AU NOM DU PEUPLE FRANÇAIS

COUR D'APPEL DE GRENOBLE

CHAMBRE COMMERCIALE

ARRÊT DU JEUDI 15 SEPTEMBRE 2022

Appel d'un jugement (N° RG 17/00877)

rendu par le Tribunal de Grande Instance de GRENOBLE

en date du 09 septembre 2019

suivant déclaration d'appel du 06 novembre 2019

APPELANT :

M. [P] [U]

né le 13 Janvier 1957 à BOUCHEGOUF (Algérie)

[Adresse 2]

[Localité 1]

représenté par Me Philippe GALLIARD de la SCP CABINET 24, avocat au barreau de GRENOBLE, postulant et la SELURL COCHET, avocat au barreau de CHAMBERY,

INTIMÉE :

SARL EL KITAPENA

Société à responsabilité limitée, prise en la personne de son représentant légal domicilié en cette qualité audit siège ;

[Adresse 3]

[Localité 1]

représentée et plaidant par Me Eric HATTAB, avocat au barreau de GRENOBLE

COMPOSITION DE LA COUR :

LORS DES DÉBATS ET DU DÉLIBÉRÉ :

Mme Marie-Pierre FIGUET, Présidente,

Mme Marie-Pascale BLANCHARD, Conseillère,

M. Lionel BRUNO, Conseiller,

Assistés lors des débats de Madame Sarah DJABLI, Greffier placé.

DÉBATS :

A l'audience publique du 25 mai 2022, M. BRUNO conseiller, a été entendu en son rapport,

Les avocats ont été entendus en leurs conclusions et Me HATTAB en sa plaidoiries,

Puis l'affaire a été mise en délibéré pour que l'arrêt soit rendu ce jour,

FAITS ET PROCÉDURE :

1.Par acte sous seing privé du 10 décembre 2010, monsieur [U] a donné à bail commercial à la société El Kitapena un local commercial avec appartement attenant, situé [Adresse 3]. Le bail comporte une clause mettant à la charge du preneur la réalisation à ses frais de tous travaux de remise à neuf de l'appartement, ce dernier pouvant alors servir d'habitation.
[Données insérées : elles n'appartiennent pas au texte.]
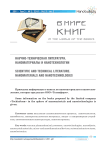 Научно-техническая литература. Наноматериалы и нанотехнологии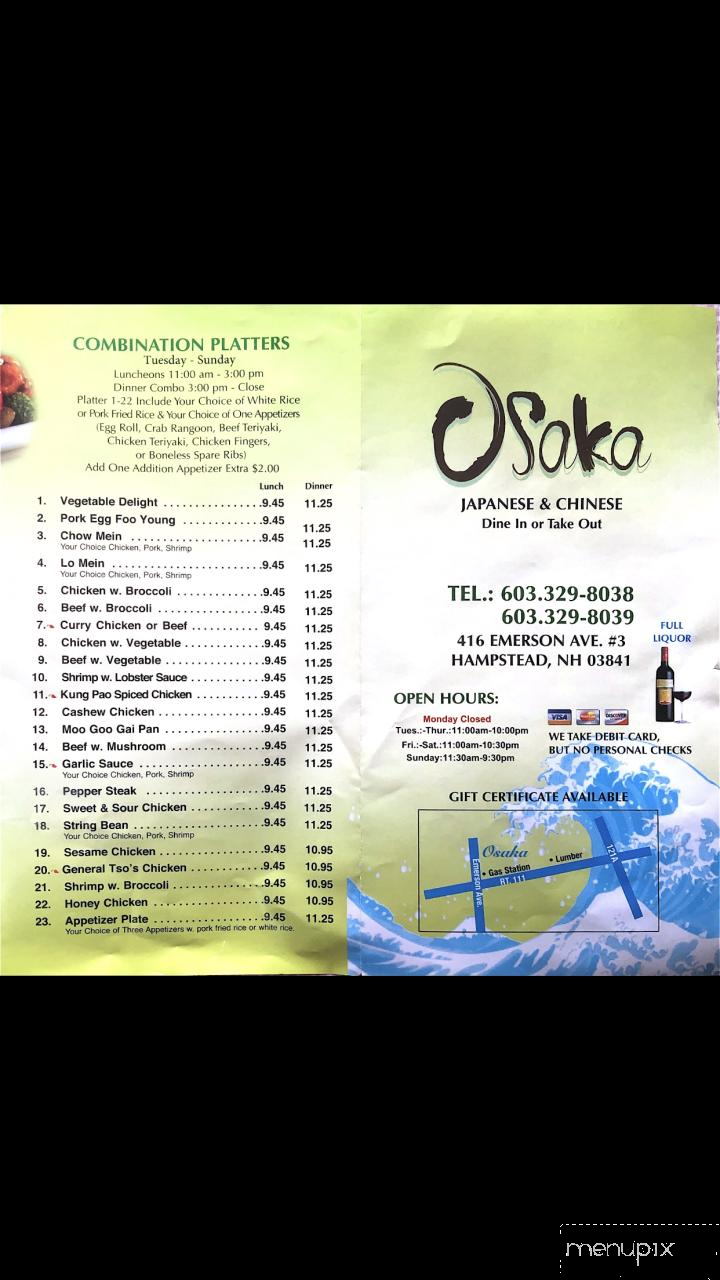 Osaka Hibachi & Chinese Restaurant - Hampstead, NH menu_pic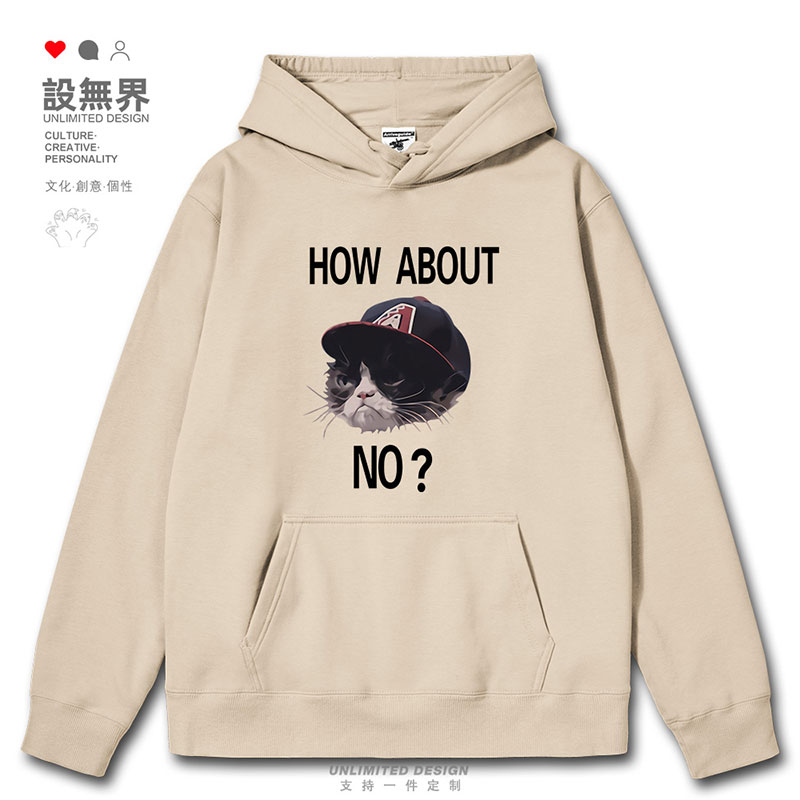 棒球帽拽猫咪头像趣味加连帽卫衣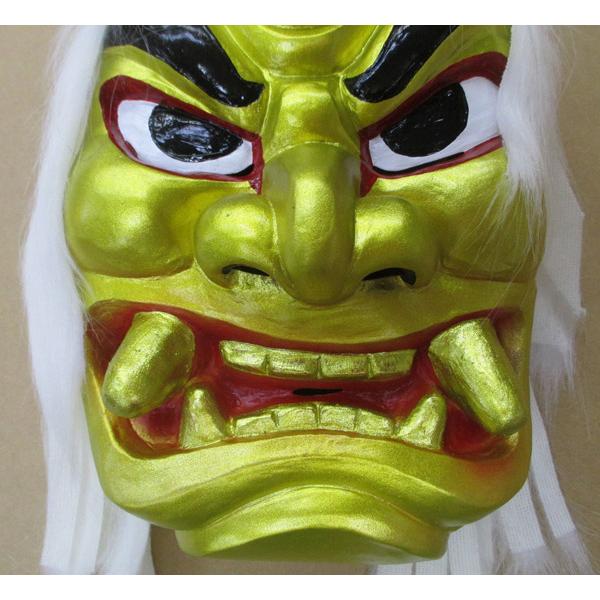 金のなまはげ フェイスマスク 長老/白髪タイプ 頭髪付き ゴム製 お面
2.Suite à l'assignation délivrée à la requête du bailleur le 12 novembre 2015, le juge des référés du tribunal de grande instance de Grenoble, par ordonnance du 6 avril 2016, a accordé à titre rétroactif des délais de paiement à la société El Kitapena pour le règlement des taxes d'ordures ménagères 2011 à 2014, jusqu'au 17 novembre 2015, a jugé qu'il existe une contestation sérieuse sur l'obligation pour la société El Kitapena de procéder à des travaux de remise en état de l'appartement attenant au local commercial, a constaté que la société El Kitapena a réglé toutes les sommes dues en sa qualité de locataire, a débouté monsieur [U] de ses demandes tendant au constat de la résiliation du bail, à l'expulsion, au paiement d'arriérés de loyers et d'indemnités d'occupation.

3.Par acte d'huissier signifié le 16 février 2017, monsieur [U] a fait assigner la société El Kitapena devant le tribunal de grande instance de Grenoble, et a demandé notamment de condamner la société El Kitapena à effectuer les travaux de remise en état de l'appartement avant le 31 décembre 2019, de condamner la société El Kitapena à lui payer la somme de 110.000 euros à titre de provision sur les travaux qu'il exécutera, dans le cas où les travaux ne seraient pas réalisés avant le 31 décembre 2019, de l'autoriser à effectuer lui-même les travaux avec l'entreprise de son choix et de condamner la société El Kitapena à lui payer le solde des frais engagés pour les travaux sur présentation des factures.

4.Par jugement du 9 septembre 2019, le tribunal de grande instance a :

- débouté monsieur [U] de l'ensemble de ses demandes';

- débouté la société El Kitapena de sa demande d'indemnité pour procédure abusive';

- condamné monsieur [U] à payer à la société El Kitapena la somme de 1.500 euros au titre de l'article 700 du code de procédure civile';

- condamné monsieur [U] aux dépens de l'instance';

- dit n'y avoir lieu à exécution provisoire.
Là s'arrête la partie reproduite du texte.